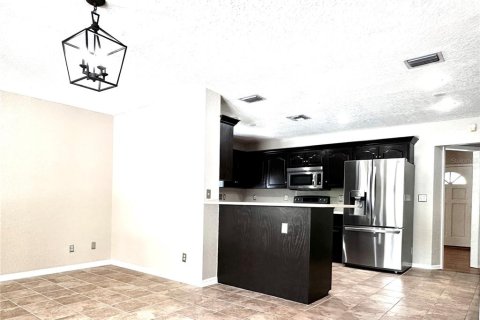 Casa en alquiler en Orlando, Florida, 3 dormitorios, 116.87 m2 № 1852744 - foto 10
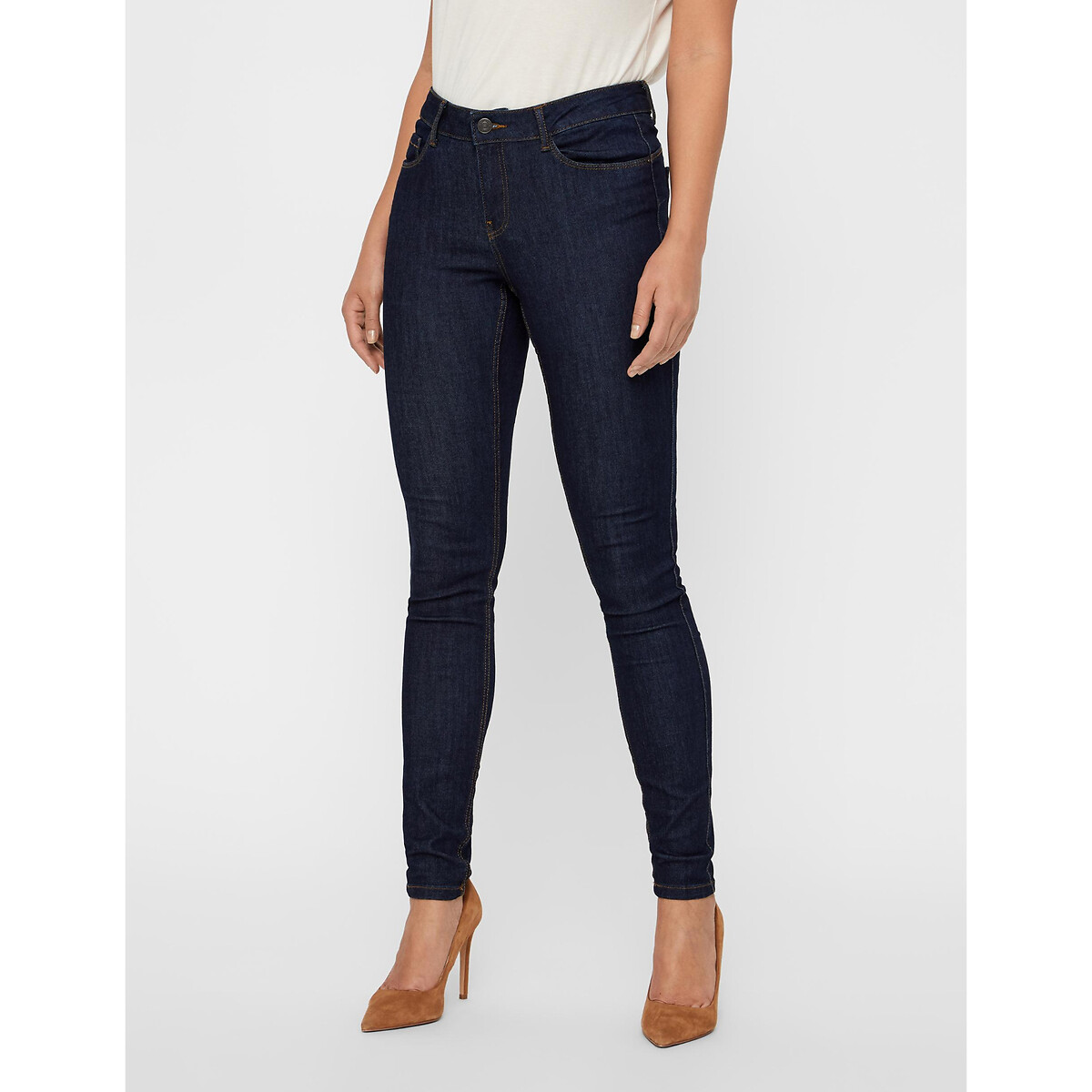 VERO MODA<br>Calças Skinny, Modele o corpo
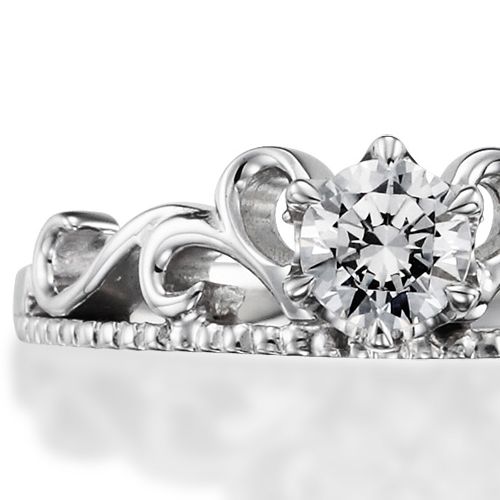 婚約指輪:ミル打ちと装飾が可憐なティアラスタイル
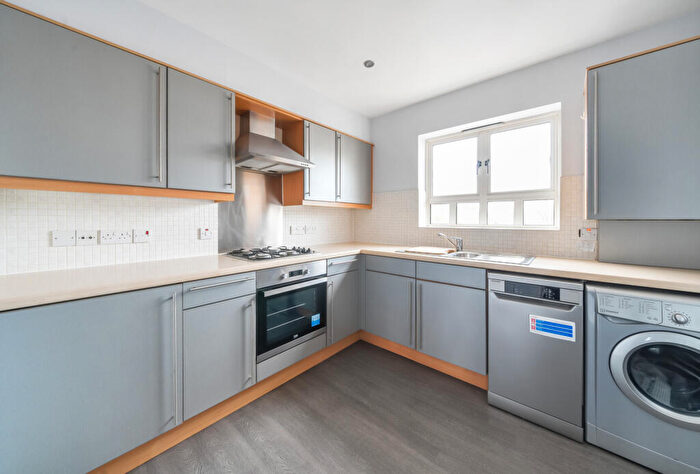 2 Bedroom Apartment For Sale In Sherborne Street, Cheltenham, Gloucestershire, GL52
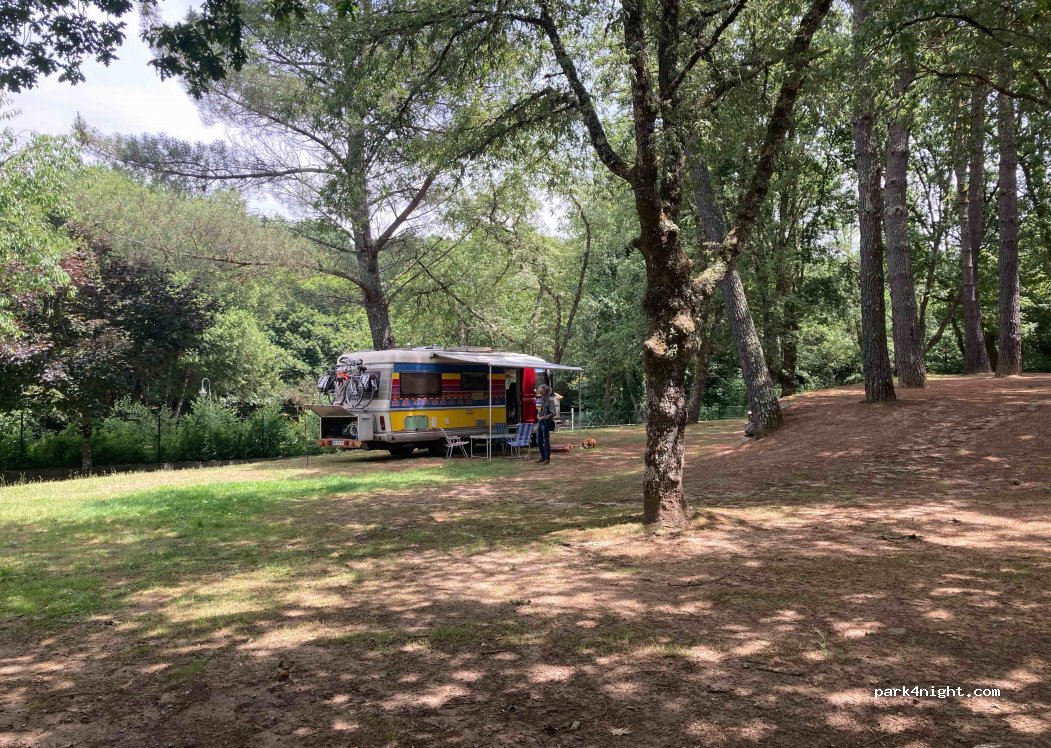 Cámping O Corgo Muíños — foto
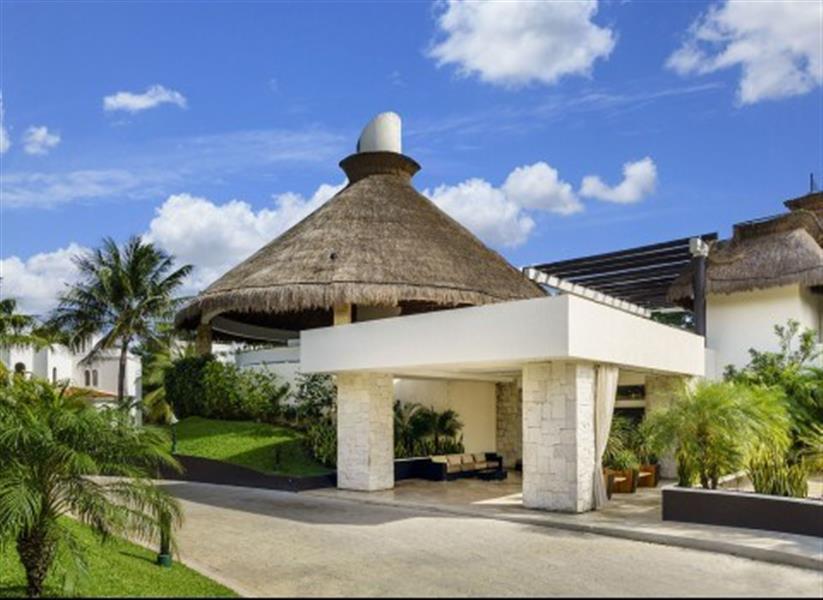 The Reef Playacar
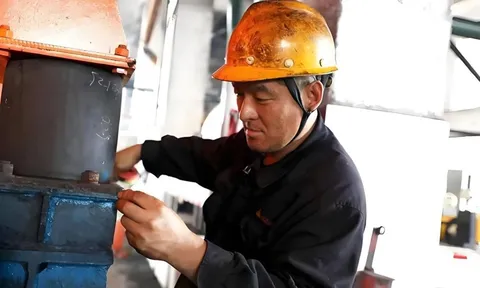 Lương 13 triệu nhưng công ty chuyển 4 tỷ đồng: Tài khoản bị phong tỏa, người đàn ông bị kiện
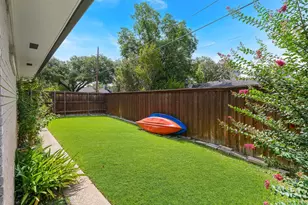 2677 Heatherwood Dr, Dallas, TX 75228 - Photo 32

To do: In the copy, include every record exactly and no pictures.

Answer space:
 Casa en alquiler en Orlando, Florida, 3 dormitorios, 116.87 m2 № 1852744 - foto 10
 VERO MODA<br>Calças Skinny, Modele o corpo
 婚約指輪:ミル打ちと装飾が可憐なティアラスタイル
 2 Bedroom Apartment For Sale In Sherborne Street, Cheltenham, Gloucestershire, GL52
 Cámping O Corgo Muíños — foto
 The Reef Playacar
 Lương 13 triệu nhưng công ty chuyển 4 tỷ đồng: Tài khoản bị phong tỏa, người đàn ông bị kiện
 2677 Heatherwood Dr, Dallas, TX 75228 - Photo 32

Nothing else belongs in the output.